(Captioned web image data)
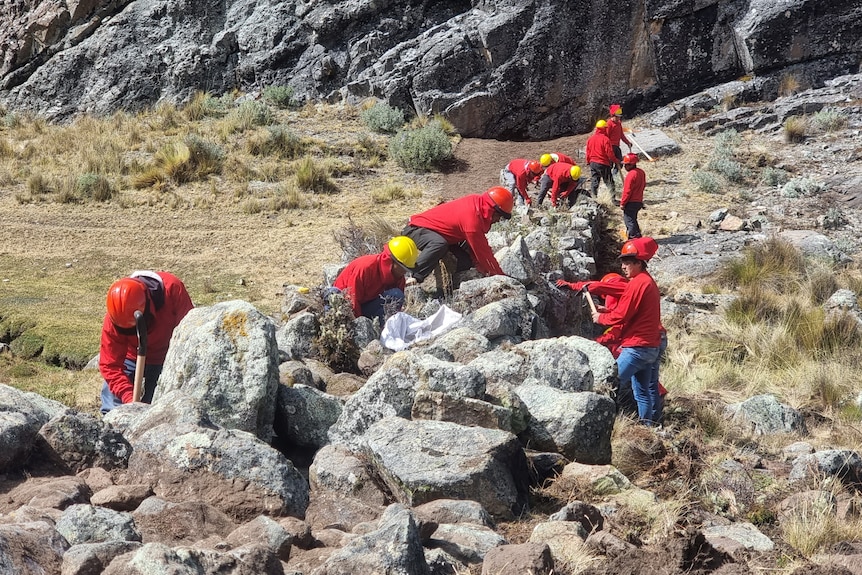 People in red jackets and helmets work arranging rocks in a makeshift dam. 
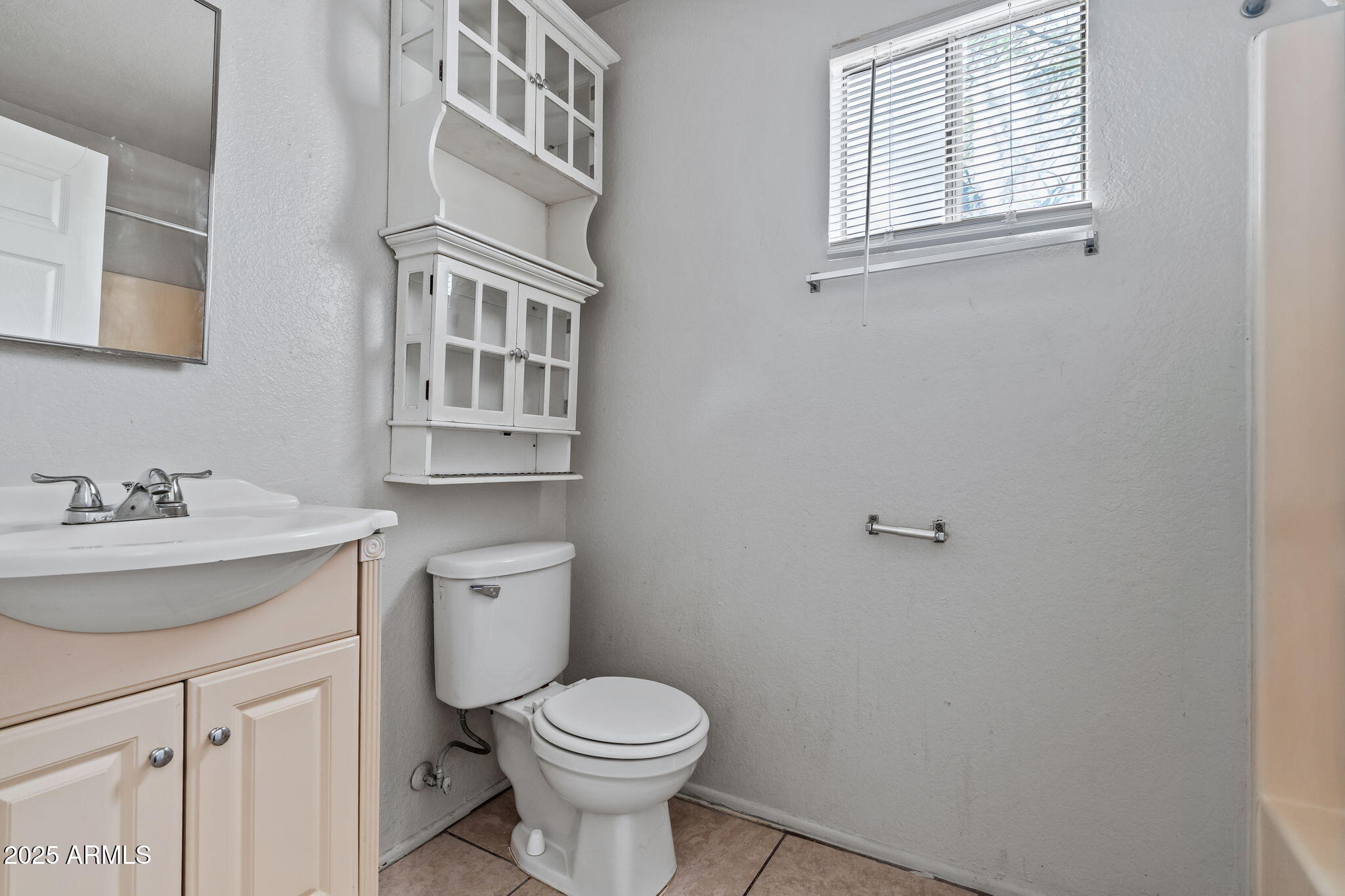 1742 East Pepper Circle, Unit 2 Mesa, AZ 85203 - Photo 17 of 26 a bathroom with a granite countertop toilet a sink and a window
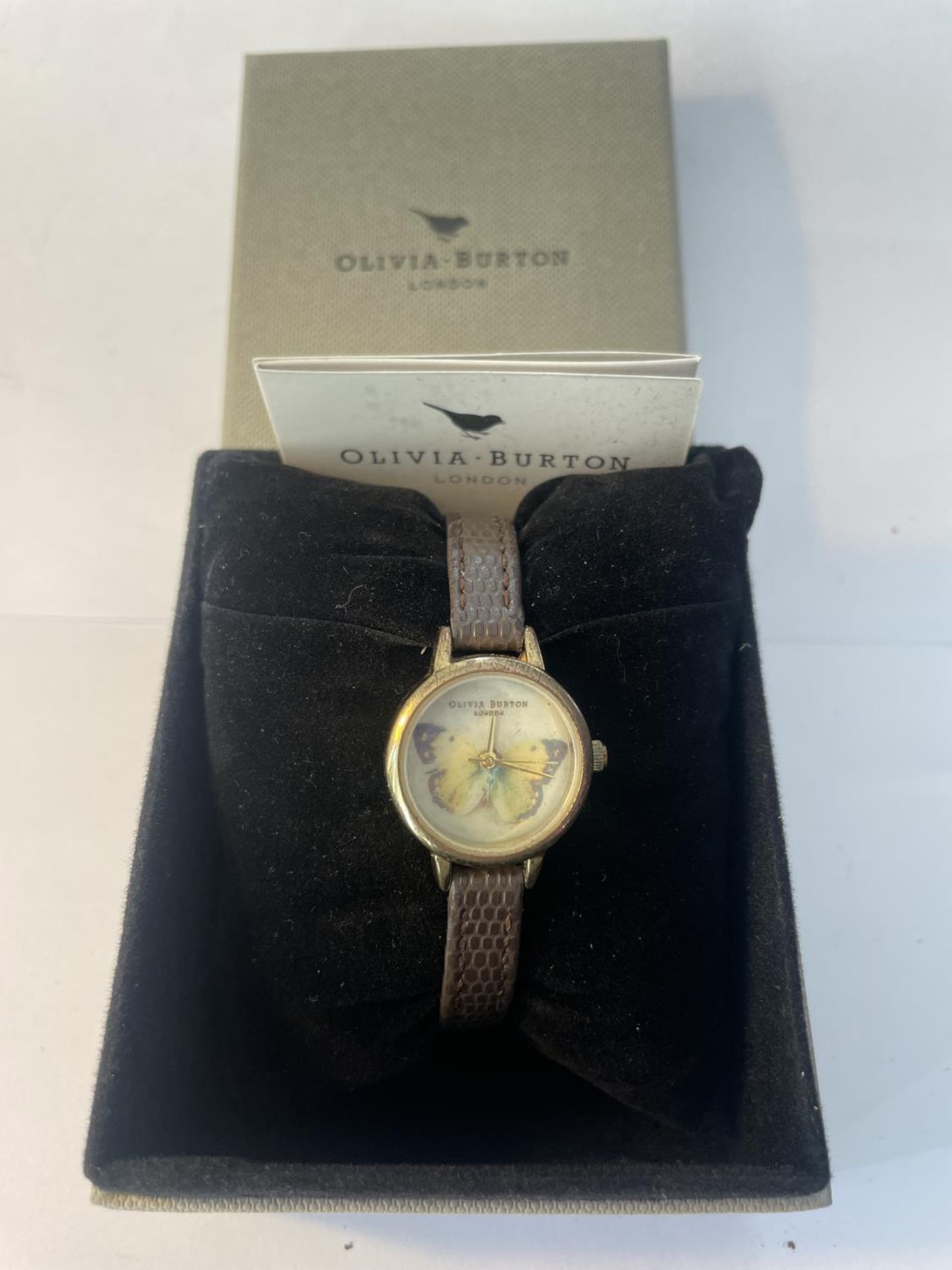 AN AS NEW AND BOXED OLIVIA BURTON BUTTERFLY WATCH SEEN WORKING BUT NO WARRANTY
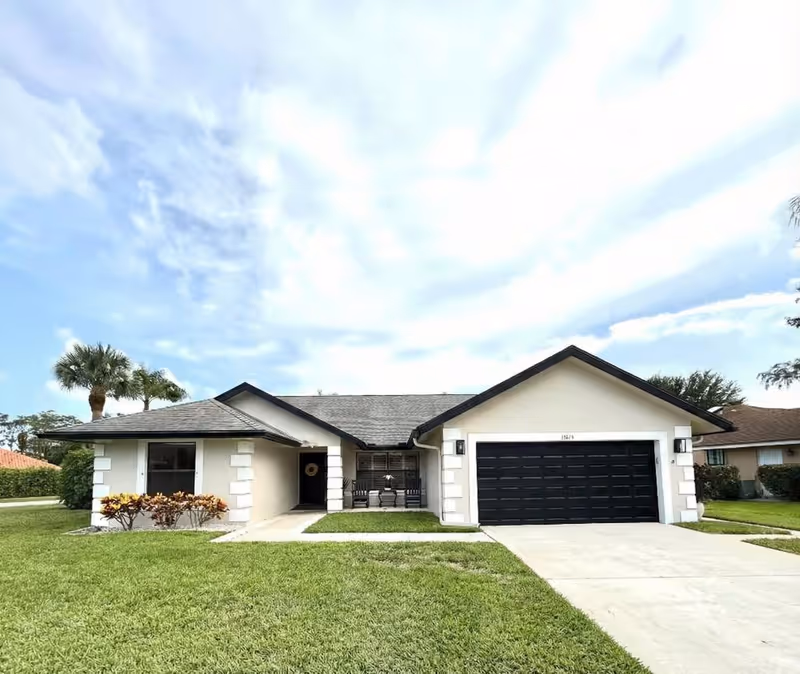 Single-story building with a double garage, front lawn, and entrance porch.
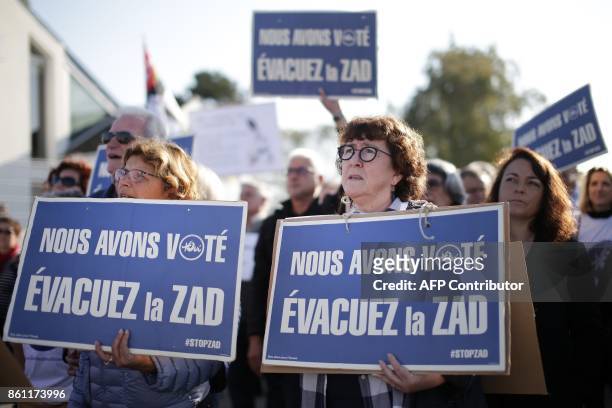 People hold placards reading "We have voted. Clear the ZAD" during a demonstration by supporters of the international airport project of...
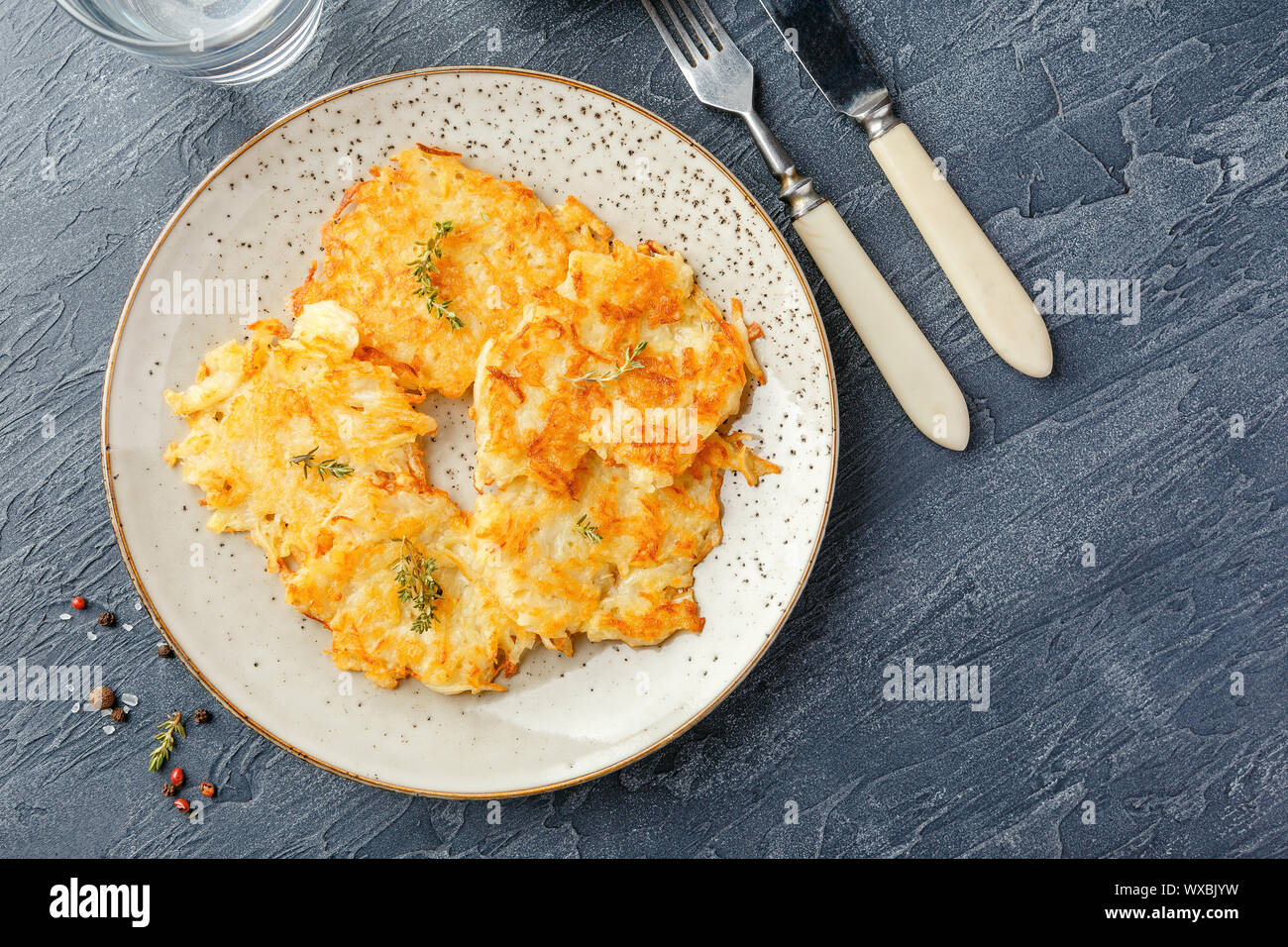 Panfried potato pancakes rosti, kartoffelpuffer, latkes, draniki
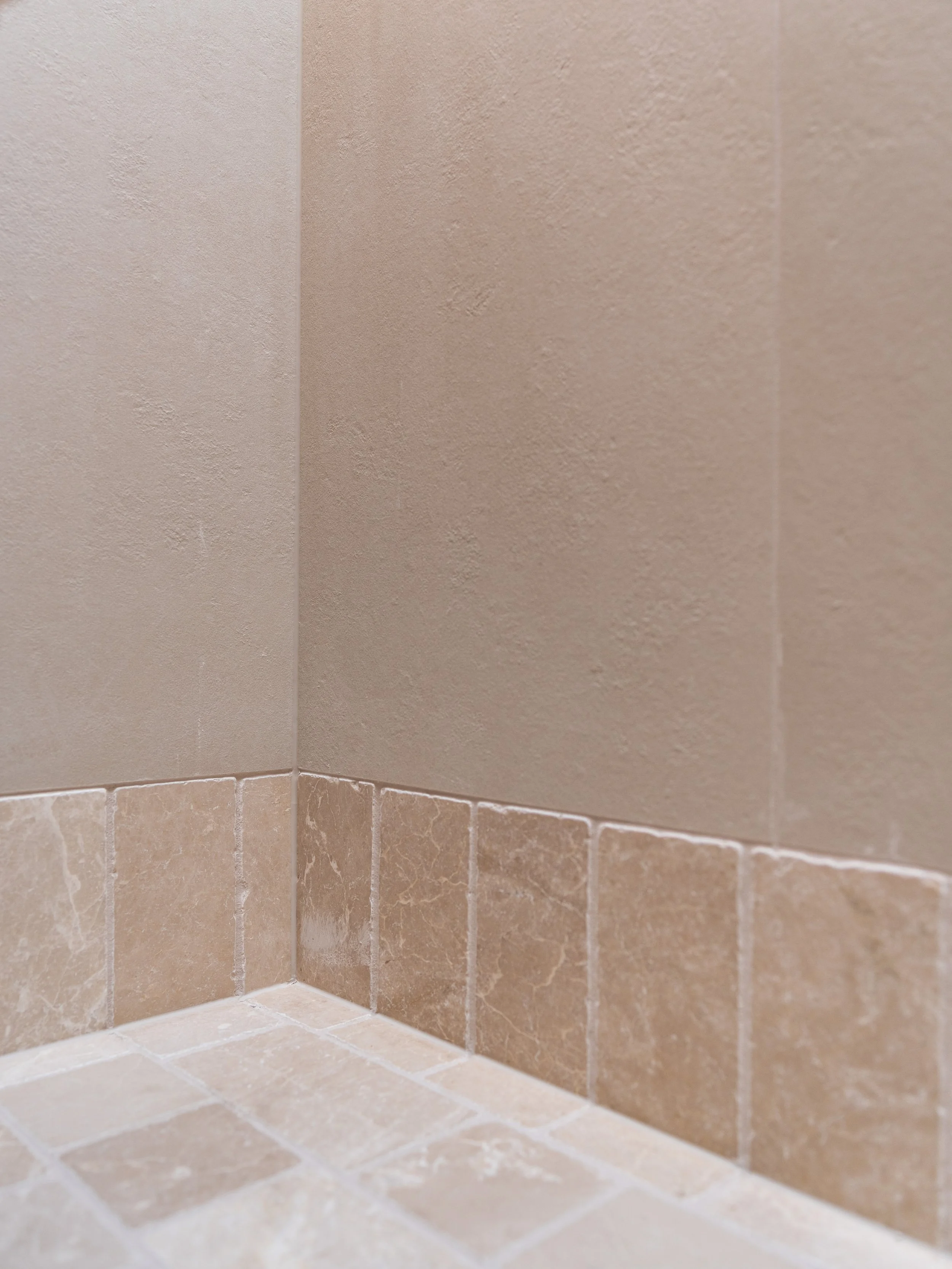 Close-up of tiled bathroom wall with beige and light brown tiles, showing the corner of the shower or bathtub area.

• Exercise instructions:
With pictures omitted, restate word for word every line above from the one containing "People hold placards" to the end of the entries.

• Answer for this exercise:
 People hold placards reading "We have voted. Clear the ZAD" during a demonstration by supporters of the international airport project of...
 Panfried potato pancakes rosti, kartoffelpuffer, latkes, draniki
 Close-up of tiled bathroom wall with beige and light brown tiles, showing the corner of the shower or bathtub area.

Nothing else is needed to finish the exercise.